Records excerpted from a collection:
══════════════════════════════

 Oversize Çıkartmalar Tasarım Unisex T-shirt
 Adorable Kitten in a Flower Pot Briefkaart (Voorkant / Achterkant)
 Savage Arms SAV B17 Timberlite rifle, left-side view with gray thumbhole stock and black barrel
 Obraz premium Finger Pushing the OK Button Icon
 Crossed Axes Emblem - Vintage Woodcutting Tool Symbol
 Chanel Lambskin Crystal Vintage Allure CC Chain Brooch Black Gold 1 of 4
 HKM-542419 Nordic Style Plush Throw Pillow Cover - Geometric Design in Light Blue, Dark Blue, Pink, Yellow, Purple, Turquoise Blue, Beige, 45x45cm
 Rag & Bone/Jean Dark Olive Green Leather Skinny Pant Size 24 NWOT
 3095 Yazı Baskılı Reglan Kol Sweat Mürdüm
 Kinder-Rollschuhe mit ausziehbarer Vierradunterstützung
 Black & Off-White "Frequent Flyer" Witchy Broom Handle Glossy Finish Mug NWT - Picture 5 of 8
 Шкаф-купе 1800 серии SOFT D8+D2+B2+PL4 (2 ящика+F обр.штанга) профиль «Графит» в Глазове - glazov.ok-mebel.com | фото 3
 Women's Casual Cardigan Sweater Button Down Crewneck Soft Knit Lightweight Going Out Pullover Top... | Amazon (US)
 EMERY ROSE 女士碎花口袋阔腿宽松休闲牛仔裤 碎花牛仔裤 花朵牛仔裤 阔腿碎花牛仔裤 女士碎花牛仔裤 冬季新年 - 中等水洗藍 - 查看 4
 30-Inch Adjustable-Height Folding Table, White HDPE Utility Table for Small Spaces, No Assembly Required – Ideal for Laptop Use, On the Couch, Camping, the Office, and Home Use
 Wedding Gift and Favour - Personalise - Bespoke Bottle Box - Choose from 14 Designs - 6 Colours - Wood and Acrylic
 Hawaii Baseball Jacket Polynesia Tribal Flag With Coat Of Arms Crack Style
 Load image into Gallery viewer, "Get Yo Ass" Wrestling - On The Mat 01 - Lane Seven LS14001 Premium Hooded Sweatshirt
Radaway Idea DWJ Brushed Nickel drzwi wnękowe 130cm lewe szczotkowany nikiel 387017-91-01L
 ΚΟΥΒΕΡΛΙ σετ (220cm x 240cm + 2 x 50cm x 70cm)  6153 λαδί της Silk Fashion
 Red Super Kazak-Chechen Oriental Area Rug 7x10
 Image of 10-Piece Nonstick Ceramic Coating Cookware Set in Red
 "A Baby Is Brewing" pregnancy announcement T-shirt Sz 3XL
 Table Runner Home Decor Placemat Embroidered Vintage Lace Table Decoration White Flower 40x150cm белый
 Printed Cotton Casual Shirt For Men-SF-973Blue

══════════════════════════════

Each line above, from the one that contains "HKM-542419 Nordic Style" to the last line of the records, should be repeated exactly. Leave out all others.

**Finished task:**
 HKM-542419 Nordic Style Plush Throw Pillow Cover - Geometric Design in Light Blue, Dark Blue, Pink, Yellow, Purple, Turquoise Blue, Beige, 45x45cm
 Rag & Bone/Jean Dark Olive Green Leather Skinny Pant Size 24 NWOT
 3095 Yazı Baskılı Reglan Kol Sweat Mürdüm
 Kinder-Rollschuhe mit ausziehbarer Vierradunterstützung
 Black & Off-White "Frequent Flyer" Witchy Broom Handle Glossy Finish Mug NWT - Picture 5 of 8
 Шкаф-купе 1800 серии SOFT D8+D2+B2+PL4 (2 ящика+F обр.штанга) профиль «Графит» в Глазове - glazov.ok-mebel.com | фото 3
 Women's Casual Cardigan Sweater Button Down Crewneck Soft Knit Lightweight Going Out Pullover Top... | Amazon (US)
 EMERY ROSE 女士碎花口袋阔腿宽松休闲牛仔裤 碎花牛仔裤 花朵牛仔裤 阔腿碎花牛仔裤 女士碎花牛仔裤 冬季新年 - 中等水洗藍 - 查看 4
 30-Inch Adjustable-Height Folding Table, White HDPE Utility Table for Small Spaces, No Assembly Required – Ideal for Laptop Use, On the Couch, Camping, the Office, and Home Use
 Wedding Gift and Favour - Personalise - Bespoke Bottle Box - Choose from 14 Designs - 6 Colours - Wood and Acrylic
 Hawaii Baseball Jacket Polynesia Tribal Flag With Coat Of Arms Crack Style
 Load image into Gallery viewer, "Get Yo Ass" Wrestling - On The Mat 01 - Lane Seven LS14001 Premium Hooded Sweatshirt
Radaway Idea DWJ Brushed Nickel drzwi wnękowe 130cm lewe szczotkowany nikiel 387017-91-01L
 ΚΟΥΒΕΡΛΙ σετ (220cm x 240cm + 2 x 50cm x 70cm)  6153 λαδί της Silk Fashion
 Red Super Kazak-Chechen Oriental Area Rug 7x10
 Image of 10-Piece Nonstick Ceramic Coating Cookware Set in Red
 "A Baby Is Brewing" pregnancy announcement T-shirt Sz 3XL
 Table Runner Home Decor Placemat Embroidered Vintage Lace Table Decoration White Flower 40x150cm белый
 Printed Cotton Casual Shirt For Men-SF-973Blue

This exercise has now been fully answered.